* _Work order_: Only the lines from the one containing "In addition to" to the end of the data below belong in the answer, each repeated exactly; no pictures.

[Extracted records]
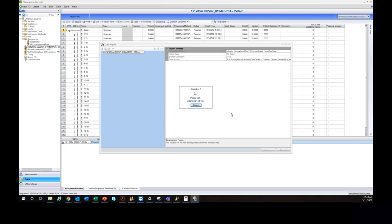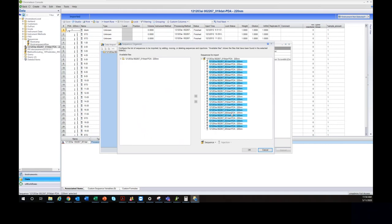Be patient — the import can take a minute or so depending on sequence size, number of injections, and whether there's 3D data. It's correlating everything and checking for duplicate files. When you import, depending on the file format, some things may carry over — component names, retention times, some generic information. But since Chromeleon uses a different algorithm, you won't get the same detection settings.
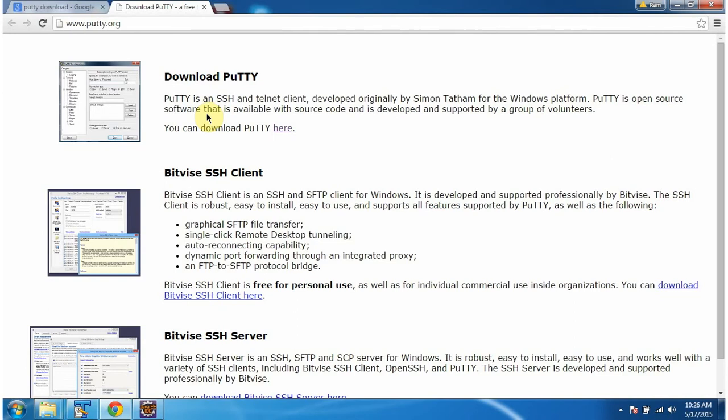Hi, this video tutorial I will cover how to set up PuTTY and connect to the Linux machine. PuTTY is an SSH and telnet client using that we can connect to the Linux machine. Now we will see how to set up PuTTY.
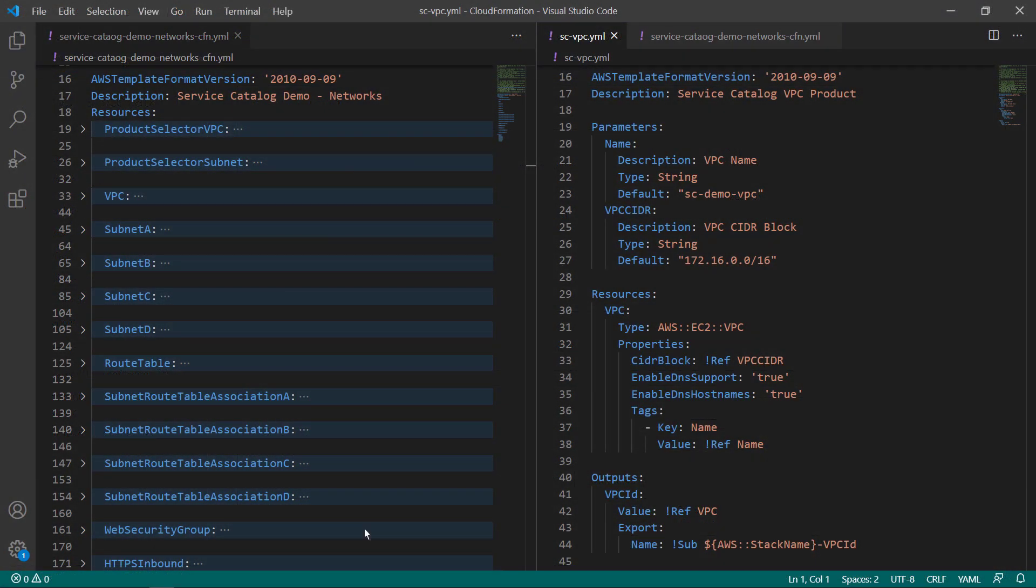Here you can see two CloudFormation templates side by side. On the right, you can see the Service Catalog template for a VPC product. On the left is the CloudFormation template for the complete network we want to deploy.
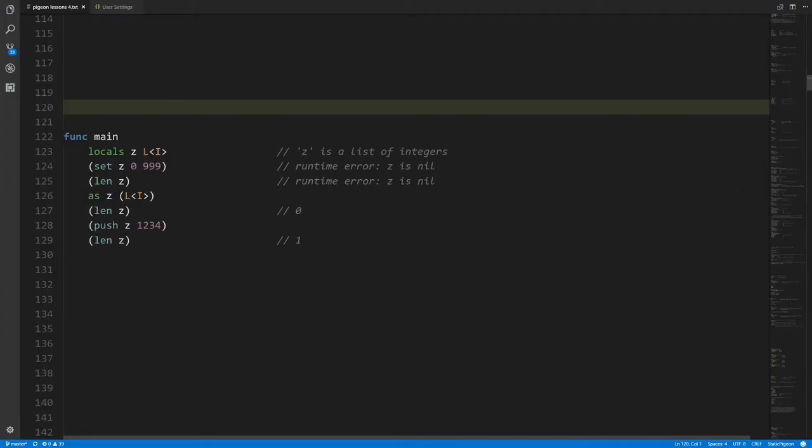In addition to lists, Static Pigeon also has what we call arrays, which are very similar conceptually — they're homogeneous ordered collections of values. But there are some important subtle distinctions. To make that clear, we're first going to refresh how lists work exactly. Here's an example of using a list of integers: we have a local variable z of type list of integers.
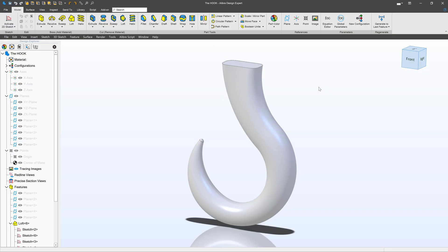So let's talk about this geometry. We certainly could loft this the way that we have been lofting, but it would be kind of hard to do. So let's talk about new tools that allow us to make this hook a lot easier than we would otherwise be able to.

* _Solution_:
In addition to lists, Static Pigeon also has what we call arrays, which are very similar conceptually — they're homogeneous ordered collections of values. But there are some important subtle distinctions. To make that clear, we're first going to refresh how lists work exactly. Here's an example of using a list of integers: we have a local variable z of type list of integers.
So let's talk about this geometry. We certainly could loft this the way that we have been lofting, but it would be kind of hard to do. So let's talk about new tools that allow us to make this hook a lot easier than we would otherwise be able to.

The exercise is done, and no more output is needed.